Take a shot every time a post-rock/metal review mentions the ‘art of the journey’ and you’ll be down for the count in roughly three sentences. It’s impossible not to mention it, however; it’s doubtlessly the most exciting portion of genres that, by and large, aim for a predetermined destination that will let loose all instrumentals and bombard with unbridled heaviness. It’s what can make a story of standard narrative beats engaging; how the protagonist navigates the setting, the choices they make, all that jazz—it takes a winding, unpredictable path to the finish line. Still with me? Toss all those conventions out the window; young up-and-comers Liongeist of Norway spend the entirety of their debut self-titled racing a victory lap around that finish line, kicking off the album with an exciting intensity that only rarely recedes. Rather than emphasizing the beginning or the middle of the metaphorical tale, the Oslo collective skip straight to ending where the protagonist faces their fears, battling against a raging storm as waves crash about, casting specks of water onto a battleground that’s slowly dissolving into the surf. An exaggeration perhaps, but there’s a cinematic scope to the grandeur that Liongeist concoct. All of the pure bombast of a post-rock conclusion is amplified, leading to an experience that feels relatively less dictated by familiar clichés than is often expected of the post-crowd of bands.
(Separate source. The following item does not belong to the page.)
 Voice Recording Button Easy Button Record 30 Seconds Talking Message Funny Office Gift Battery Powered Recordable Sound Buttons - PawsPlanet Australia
The comparative absenteeism of ambiguity is stressed by opener “This Feels Like the End.” This is not a standard introduction that desires to unravel over the course of a meticulous crescendo; Liongeist establish immediately that their realm of post-ness is ruled by a domineering low end courtesy of an unfathomably beefy bass. Its prominence in the mix almost injects a groovy edge to the record’s songs, often conquering tracks on its own due to its unrestrained resonance. When precisely aligned with the guitars, “This Feels Like the End” strikes with ferocity, demanding attention with its destructive capabilities. The group’s talents are not limited by their predilection to setting proceedings ablaze, although it undoubtedly makes “Third Molar” a highlight, what with its soaring riffs and the unyielding march of the bass—its pulsating rhythm functions as the heartbeat of the tune, guiding it into an increasingly claustrophobic soundscape. Beyond that foundation, Liongeist immerse their sound in melodic tones, utilizing both guitars to color the scenery with elegant tremolos that echo in the background or discordant riffs that aid in generating hefty passages. The stray appearance of string instruments, such as those that creep through the uncommon calm of “As Soon as I Stepped Outside, Everything Got Wore,” contributes additional personality to an album that, when cranked up to maximum volume, relishes in a dark, foreboding aesthetic.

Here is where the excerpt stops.